Net loss per share is provided in accordance with FASB ASC 260-10, “Earnings per share”. Basic net loss per common share (“EPS”) s computed by dividing net loss available to common stockholders by the weighted average number of common shares outstanding for the period. Diluted loss per share is computed by dividing net loss by the weighted average shares outstanding, assuming all dilutive potential common shares were issued, unless doing so is anti-dilutive.

 

The following table sets forth the computation of basic and diluted net loss per share for the three months ended March 31, 2023 and 2022:

        
   Three months ended March 31, 
   2023   2022 
         
Net loss for the period attribute to the Company  $(506,793)  $(658,415)
           
Weighted average number of common shares outstanding, basic and diluted   152,386,802    152,899,640 
           
Basic and diluted loss per common share:  $(0.00)  $(0.00)

 

 

9. INCOME TAX

 

The Company recorded $0 tax provision for the three months ending March 31, 2023 and 2022, due in large part to its expected tax losses for the year and maintaining a full valuation allowance against its net deferred tax assets in every jurisdiction that it is operating in.

 

At March 31, 202, the Company has U.S. federal operating loss carryforwards of approximately $4 million.
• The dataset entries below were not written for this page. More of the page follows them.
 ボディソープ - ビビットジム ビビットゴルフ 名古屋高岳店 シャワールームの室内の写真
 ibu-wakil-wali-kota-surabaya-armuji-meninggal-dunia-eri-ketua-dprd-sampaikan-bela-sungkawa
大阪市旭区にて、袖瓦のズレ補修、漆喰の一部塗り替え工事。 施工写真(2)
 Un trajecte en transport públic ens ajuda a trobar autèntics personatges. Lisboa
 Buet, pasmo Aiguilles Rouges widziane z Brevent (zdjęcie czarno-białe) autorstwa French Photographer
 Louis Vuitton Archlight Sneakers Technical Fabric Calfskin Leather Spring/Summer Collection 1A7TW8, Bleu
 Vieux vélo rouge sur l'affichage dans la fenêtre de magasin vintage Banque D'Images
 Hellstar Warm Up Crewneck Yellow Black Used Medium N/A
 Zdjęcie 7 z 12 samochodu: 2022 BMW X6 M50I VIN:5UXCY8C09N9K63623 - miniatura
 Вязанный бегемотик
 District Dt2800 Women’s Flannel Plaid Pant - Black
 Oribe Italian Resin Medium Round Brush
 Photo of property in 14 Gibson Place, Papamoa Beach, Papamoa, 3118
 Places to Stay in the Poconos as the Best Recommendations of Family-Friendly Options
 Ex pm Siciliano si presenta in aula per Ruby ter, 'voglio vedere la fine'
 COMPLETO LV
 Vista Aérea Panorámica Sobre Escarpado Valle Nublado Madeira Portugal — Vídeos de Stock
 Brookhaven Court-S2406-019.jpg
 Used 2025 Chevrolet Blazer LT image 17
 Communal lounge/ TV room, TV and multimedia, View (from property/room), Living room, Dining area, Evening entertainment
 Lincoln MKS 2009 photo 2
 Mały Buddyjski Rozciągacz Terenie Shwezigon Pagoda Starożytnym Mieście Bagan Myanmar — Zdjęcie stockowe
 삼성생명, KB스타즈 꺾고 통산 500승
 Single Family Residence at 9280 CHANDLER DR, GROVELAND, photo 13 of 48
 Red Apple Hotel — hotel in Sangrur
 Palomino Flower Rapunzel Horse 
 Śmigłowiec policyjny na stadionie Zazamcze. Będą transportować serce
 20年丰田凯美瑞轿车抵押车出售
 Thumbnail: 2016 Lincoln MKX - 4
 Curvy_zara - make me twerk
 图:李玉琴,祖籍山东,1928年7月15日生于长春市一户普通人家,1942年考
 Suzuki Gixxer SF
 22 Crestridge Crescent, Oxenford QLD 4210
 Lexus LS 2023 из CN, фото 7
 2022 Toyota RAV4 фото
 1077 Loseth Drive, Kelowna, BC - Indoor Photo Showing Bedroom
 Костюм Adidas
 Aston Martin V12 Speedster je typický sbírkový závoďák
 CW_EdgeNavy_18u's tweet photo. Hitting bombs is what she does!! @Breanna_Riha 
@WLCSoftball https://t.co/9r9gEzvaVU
Due to U.S. enacted Public Law 115-97, known as the Tax Cuts and Jobs Act (the "TCJA") in 2017, U.S. federal net operating loss carryforwards in the amount of $5,600,000, generated after 2017 have an indefinite carryforward period. U.S. net operating loss carryforwards, in the amount of $2,600,000, generated prior to 2018 will expire, if unused, beginning in 2034. State net operating loss carryforwards will begin to expire, if unused, in 2034.

 

At March 31, 2023, the Company’s subsidiary operating in Malaysia has net operating loss of approximately $1.9 million. Net operating loss carryforwards will begin to expire, if unused, in 2025.

 

At March 31, 2023, the Company’s subsidiary operating in Bangladesh has net operating loss carryforwards of $42,100 which can be carried forward for a maximum period of six years.

 

The Company follows the provision of ASC 740 which prescribes a comprehensive model for how a company should recognize, measure, present, and disclose in its financial statements uncertain tax positions that the Company has taken or expects to take on a tax return. The Company did not have any unrecognized tax positions or benefits as of March 31, 2023 and December 31, 2022. The Company recognizes interest and penalties accrued on any unrecognized tax benefits as a component of income tax expense. We do not expect any material changes in our unrecognized tax benefits over the next 12 months.

 

The Company’s ability to utilize U.S. net operating loss carryforwards to offset future taxable income may be deferred or limited significantly if the Company were to experience an “ownership change” as defined in section 382 of the Internal Revenue Code of 1986, as amended, and corresponding provisions of state law. In general, an ownership change occurs when the ownership of the Company’s stock by 5 percent or more shareholders “5-percent shareholders” exceeds 50 percentage points within a three-year period. We have not conducted a Section 382 study to determine whether the use of our U.S. net operating losses is limited. We may have experienced ownership changes in the past, and we may experience ownership changes in the future, some of which are outside our control. This could limit the amount of net operating losses that we can utilize annually to offset future taxable income or tax liabilities.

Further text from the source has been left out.